Ağaç Ev'i hepimiz çok sevdik. Minderleri seriyoruz, battaniyelerimiz ile sıcacık sohbetler ediyoruz. Bugünkü konu epey ciddi.
İrem Can'a teşekkürlerimi sunuyorum, bu farkındalık içeren soru için. Lütfen konuşmak istediğiniz, yazarlara sormak istediğiniz soruları siz de yorumlarla bize ulaştırın. Belki haftaya sizin sorunuzu konuşuyor oluruz? :)
Bu haftanın sorusu:
Doğamız giderek tehlike sinyalleri veriyor. Küresel ısınma ve çevre kirliliği en had safhada. Bunlar için geri dönüşüm, sıfır atık, daha az tüketim hatta poşetlerin paralı olması gibi önlemler alınıyor. Siz bu konuda neler düşünüyorsunuz? Geleceğimiz için daha yaşanılır bir dünyayı nasıl sağlayabiliriz?
Konuyla ilgili düşüncelerim biraz çarpıcı gelebilir. Dinlediğim fikirler ve yorumlamalar ışığında ben de kendi çevreye duyarlılığımı geliştirdim.

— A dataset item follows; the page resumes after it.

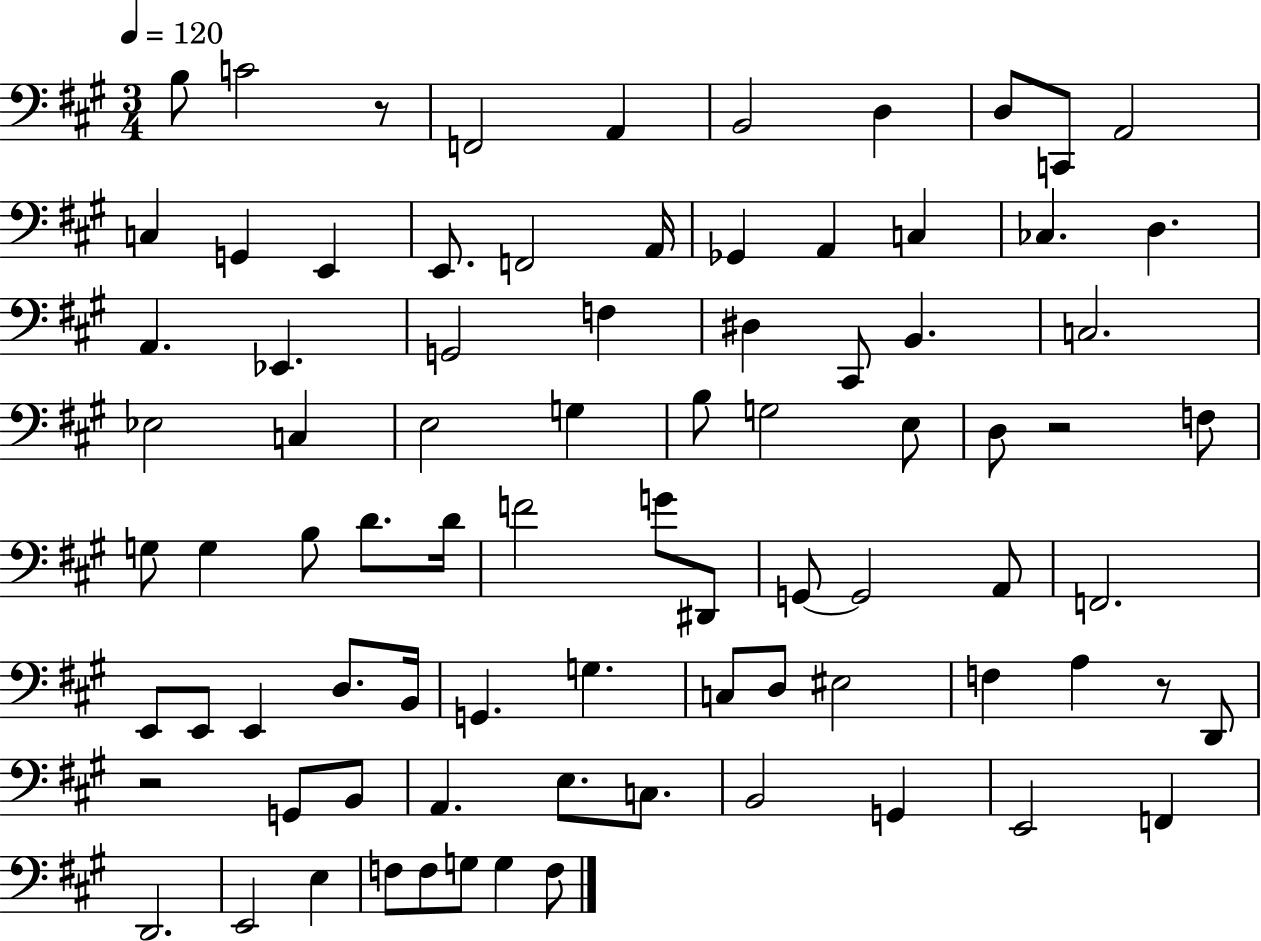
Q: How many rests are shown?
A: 4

Uyanışımın ilk yıllarında ciddi derecede efor sarfediyordum. Şehirden köye bile taşınmıştım. Tam o zamanlar bahçede kompost yapma girişimlerim vardı. Sonuçsuz kaldı. Poşet ve plastiği azaltmayı düşündüm. Onda da başarısız oldum. Kendi diş macunum, deodorantım, temizlik malzemelerimi kendim yapmaya çalıştım. Ondan da bir süre sonra caydım.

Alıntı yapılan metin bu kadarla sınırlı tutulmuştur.